DVD, Blu-ray and TV
Wild Wild Country, The American Friend
In 2014, a curious and lovely documentary, The Battered Bastards
Of Baseball, snuck out on netflix. Its subject – minorleague baseball – meant it barely created a ripple in the UK, but it was an astonishing film, telling the story of how a man called Bing Russell (father of Kurt) set up a team called the Portland Mavericks, the only club in their division not owned by a major-league outfit. The Mavericks lived up to their name, began winning, and became – by the standards of minor-league baseball – phenomenally popular. At which point the majors decided they represented too much of a threat to the farm-team ecosystem of minor league baseball and more or less forced the Mavericks out of business.

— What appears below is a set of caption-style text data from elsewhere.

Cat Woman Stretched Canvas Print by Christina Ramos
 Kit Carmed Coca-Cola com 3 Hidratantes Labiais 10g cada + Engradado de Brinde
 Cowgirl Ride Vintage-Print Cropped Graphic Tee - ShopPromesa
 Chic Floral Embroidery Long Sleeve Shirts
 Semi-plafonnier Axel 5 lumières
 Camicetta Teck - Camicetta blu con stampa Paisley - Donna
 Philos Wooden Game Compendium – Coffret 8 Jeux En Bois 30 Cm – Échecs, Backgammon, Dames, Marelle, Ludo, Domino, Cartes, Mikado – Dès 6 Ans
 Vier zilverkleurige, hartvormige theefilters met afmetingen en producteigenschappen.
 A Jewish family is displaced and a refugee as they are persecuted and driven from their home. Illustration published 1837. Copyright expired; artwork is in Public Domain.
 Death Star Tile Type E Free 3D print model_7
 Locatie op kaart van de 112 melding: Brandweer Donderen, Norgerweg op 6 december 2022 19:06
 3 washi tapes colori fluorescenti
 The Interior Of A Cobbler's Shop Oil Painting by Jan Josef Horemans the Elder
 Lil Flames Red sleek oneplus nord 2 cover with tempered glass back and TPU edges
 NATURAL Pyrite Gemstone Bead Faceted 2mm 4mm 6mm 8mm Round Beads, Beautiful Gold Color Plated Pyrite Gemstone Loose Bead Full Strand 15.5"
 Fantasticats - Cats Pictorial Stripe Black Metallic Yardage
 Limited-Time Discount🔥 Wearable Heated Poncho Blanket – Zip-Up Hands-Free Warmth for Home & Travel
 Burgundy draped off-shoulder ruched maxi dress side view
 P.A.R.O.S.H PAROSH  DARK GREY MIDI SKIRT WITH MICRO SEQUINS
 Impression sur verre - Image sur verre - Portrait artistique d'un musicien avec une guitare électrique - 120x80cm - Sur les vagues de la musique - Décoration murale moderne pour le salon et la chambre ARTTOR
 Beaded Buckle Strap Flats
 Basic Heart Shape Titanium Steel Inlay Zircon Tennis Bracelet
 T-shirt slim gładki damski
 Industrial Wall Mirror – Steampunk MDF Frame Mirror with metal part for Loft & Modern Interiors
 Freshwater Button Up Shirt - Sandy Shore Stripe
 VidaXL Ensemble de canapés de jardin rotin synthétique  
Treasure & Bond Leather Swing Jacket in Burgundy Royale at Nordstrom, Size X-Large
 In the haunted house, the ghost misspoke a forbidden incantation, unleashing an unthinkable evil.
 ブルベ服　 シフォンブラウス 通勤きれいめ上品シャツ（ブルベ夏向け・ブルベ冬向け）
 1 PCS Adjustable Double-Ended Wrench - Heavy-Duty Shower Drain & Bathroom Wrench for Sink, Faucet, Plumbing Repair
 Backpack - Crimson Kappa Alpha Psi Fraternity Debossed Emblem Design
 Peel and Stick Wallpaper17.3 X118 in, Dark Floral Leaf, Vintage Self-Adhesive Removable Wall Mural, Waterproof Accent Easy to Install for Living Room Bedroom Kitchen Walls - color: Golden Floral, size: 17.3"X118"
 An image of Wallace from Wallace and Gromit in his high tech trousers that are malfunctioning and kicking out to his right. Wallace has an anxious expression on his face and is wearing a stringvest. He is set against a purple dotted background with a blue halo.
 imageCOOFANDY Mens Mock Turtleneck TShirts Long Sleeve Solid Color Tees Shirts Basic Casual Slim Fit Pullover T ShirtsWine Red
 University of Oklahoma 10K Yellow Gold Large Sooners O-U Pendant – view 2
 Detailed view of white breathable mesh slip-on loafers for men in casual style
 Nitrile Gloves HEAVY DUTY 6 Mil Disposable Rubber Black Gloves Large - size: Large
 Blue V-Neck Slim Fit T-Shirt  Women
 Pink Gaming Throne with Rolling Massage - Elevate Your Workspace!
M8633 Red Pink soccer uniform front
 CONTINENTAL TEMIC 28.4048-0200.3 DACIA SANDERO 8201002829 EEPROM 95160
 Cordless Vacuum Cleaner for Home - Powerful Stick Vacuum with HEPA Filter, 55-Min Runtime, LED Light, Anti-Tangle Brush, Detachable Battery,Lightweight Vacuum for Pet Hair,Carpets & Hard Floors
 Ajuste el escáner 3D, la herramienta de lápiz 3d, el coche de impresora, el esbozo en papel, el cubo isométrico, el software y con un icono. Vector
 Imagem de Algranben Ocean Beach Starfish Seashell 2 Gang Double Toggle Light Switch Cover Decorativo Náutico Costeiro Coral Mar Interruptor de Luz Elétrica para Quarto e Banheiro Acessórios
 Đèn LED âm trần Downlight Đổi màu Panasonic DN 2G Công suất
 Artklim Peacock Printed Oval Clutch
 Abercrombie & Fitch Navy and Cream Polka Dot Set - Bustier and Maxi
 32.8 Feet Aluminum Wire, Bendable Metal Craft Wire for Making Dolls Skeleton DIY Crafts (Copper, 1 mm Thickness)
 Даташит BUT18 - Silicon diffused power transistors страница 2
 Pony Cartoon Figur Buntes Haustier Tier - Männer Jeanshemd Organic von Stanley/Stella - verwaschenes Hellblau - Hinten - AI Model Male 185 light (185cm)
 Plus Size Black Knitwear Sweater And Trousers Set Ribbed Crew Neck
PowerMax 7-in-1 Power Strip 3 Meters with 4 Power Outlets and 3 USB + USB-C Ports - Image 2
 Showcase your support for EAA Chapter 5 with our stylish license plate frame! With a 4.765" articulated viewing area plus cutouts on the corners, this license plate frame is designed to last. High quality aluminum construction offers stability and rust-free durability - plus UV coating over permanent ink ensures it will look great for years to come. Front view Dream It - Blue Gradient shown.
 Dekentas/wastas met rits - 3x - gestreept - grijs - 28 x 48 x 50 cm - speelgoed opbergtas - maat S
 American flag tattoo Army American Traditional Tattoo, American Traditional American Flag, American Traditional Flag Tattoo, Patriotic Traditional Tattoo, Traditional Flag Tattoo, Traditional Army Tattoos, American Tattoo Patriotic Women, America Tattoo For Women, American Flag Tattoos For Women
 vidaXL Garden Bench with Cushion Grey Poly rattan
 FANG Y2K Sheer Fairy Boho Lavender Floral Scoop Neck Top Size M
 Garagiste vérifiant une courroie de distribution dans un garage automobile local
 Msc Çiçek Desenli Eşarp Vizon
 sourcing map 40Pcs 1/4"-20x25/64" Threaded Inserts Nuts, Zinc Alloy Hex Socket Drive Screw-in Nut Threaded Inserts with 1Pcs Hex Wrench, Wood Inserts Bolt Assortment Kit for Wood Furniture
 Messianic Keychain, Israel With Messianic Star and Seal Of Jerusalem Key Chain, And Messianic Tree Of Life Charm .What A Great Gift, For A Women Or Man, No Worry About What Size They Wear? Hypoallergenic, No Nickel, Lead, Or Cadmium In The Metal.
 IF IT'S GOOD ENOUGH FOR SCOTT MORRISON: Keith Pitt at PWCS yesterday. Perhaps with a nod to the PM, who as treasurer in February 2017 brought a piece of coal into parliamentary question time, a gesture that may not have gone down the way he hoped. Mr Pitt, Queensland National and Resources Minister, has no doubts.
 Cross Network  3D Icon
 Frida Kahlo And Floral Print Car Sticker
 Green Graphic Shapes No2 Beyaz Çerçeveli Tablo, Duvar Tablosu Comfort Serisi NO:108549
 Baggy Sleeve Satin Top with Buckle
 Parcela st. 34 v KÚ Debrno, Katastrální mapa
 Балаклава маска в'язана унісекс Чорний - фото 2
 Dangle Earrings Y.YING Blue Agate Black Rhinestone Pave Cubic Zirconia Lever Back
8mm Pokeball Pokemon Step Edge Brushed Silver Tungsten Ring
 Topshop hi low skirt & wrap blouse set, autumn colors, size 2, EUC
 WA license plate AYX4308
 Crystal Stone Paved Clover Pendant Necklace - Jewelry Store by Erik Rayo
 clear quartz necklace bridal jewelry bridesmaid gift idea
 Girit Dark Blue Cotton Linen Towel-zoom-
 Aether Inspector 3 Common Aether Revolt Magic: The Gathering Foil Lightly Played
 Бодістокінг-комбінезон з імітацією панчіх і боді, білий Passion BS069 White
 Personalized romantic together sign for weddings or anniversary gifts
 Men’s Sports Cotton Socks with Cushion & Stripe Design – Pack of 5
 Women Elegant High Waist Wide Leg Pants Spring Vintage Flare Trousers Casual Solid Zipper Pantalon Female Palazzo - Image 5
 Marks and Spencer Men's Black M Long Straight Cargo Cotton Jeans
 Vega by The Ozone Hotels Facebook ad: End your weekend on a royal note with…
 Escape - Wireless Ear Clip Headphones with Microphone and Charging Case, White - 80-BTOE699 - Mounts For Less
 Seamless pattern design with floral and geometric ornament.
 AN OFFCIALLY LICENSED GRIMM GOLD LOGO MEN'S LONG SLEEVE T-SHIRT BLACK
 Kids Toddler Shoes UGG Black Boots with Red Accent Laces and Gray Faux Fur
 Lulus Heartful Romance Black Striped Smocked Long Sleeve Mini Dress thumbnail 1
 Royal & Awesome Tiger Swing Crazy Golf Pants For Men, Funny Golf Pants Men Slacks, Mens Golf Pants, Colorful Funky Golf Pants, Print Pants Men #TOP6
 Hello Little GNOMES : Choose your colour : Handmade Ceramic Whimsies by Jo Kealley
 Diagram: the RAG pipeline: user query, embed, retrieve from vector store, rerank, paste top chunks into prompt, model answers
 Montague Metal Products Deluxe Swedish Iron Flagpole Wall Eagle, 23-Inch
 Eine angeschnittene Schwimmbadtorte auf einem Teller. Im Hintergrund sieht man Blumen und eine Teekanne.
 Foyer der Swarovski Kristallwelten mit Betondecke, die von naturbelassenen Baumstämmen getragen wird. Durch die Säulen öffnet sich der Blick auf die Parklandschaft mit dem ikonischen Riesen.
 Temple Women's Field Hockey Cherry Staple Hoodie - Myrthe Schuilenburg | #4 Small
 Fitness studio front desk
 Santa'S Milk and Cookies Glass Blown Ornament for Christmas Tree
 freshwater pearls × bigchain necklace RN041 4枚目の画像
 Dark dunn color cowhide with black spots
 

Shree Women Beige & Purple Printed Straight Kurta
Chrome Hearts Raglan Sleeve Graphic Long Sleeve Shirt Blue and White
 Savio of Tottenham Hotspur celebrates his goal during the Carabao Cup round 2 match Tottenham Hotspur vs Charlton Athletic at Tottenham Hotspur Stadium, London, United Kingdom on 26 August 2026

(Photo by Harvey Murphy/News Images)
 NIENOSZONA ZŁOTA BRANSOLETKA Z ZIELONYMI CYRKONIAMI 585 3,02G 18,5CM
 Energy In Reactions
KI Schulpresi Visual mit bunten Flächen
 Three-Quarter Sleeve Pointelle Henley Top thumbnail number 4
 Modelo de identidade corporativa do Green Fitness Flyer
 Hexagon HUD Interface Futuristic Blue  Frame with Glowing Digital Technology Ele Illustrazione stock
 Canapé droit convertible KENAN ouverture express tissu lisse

That film’s makers, Chapman and Maclain Way, are still in Oregon for their follow-up, a six-part netflix series. And it’s hard not to see some similarities: a charismatic maverick pitches up in the state, attracting thousands of followers and creating fear and rage in the establishment. There the similarities end. Where The Battered Bastards Of Baseball was a love story and charm poured from it, Wild Wild Country is something of a horror tale.
Its subject is the cult of Bhagwan Shree Rajneesh, which departed its Indian base and in 1981 paid $5.75m for the Big Muddy Ranch, near the hamlet of Antelope in Oregon’s high desert. There Bhagwan’s followers, known as sannyasins (aka the “Orange People”), set about turning a desolate, rocky site into the city of Rajneeshpuram. The Ways tell the story – which, as you might expect, doesn’t end in peace and harmony – through three sets of voices: some of Bhagwan’s senior followers; a handful of the residents of Antelope; and the Oregon law-enforcement officials who – eventually – realised something sinister was afoot in the wilds of Wasco County.
Having riled up their neighbours, the Rajneeshees set about trying to eliminate all opposition – taking over Antelope’s tiny council wasn’t hard, but as both opposition and their own ambitions grew, so did the nature of their scheming (“evil” is a word used by Oregonians): they set up a military operation; they introduced salmonella into the food supply in a nearby town; they planned assassinations. The mastermind behind it all was Ma Anand Sheela, Bhagwan’s personal secretary, and one of the Ways’ main interviewees; there’s no sign of remorse, just regret that things didn’t pan out as she intended. Equally startling is Bhagwan’s US lawyer, Swami Prem niren (Philip Toelkes to his mum and dad), who appears to see the whole affair as a tragedy brought on by the paranoia of the authorities, with the Rajneeshees as the victims.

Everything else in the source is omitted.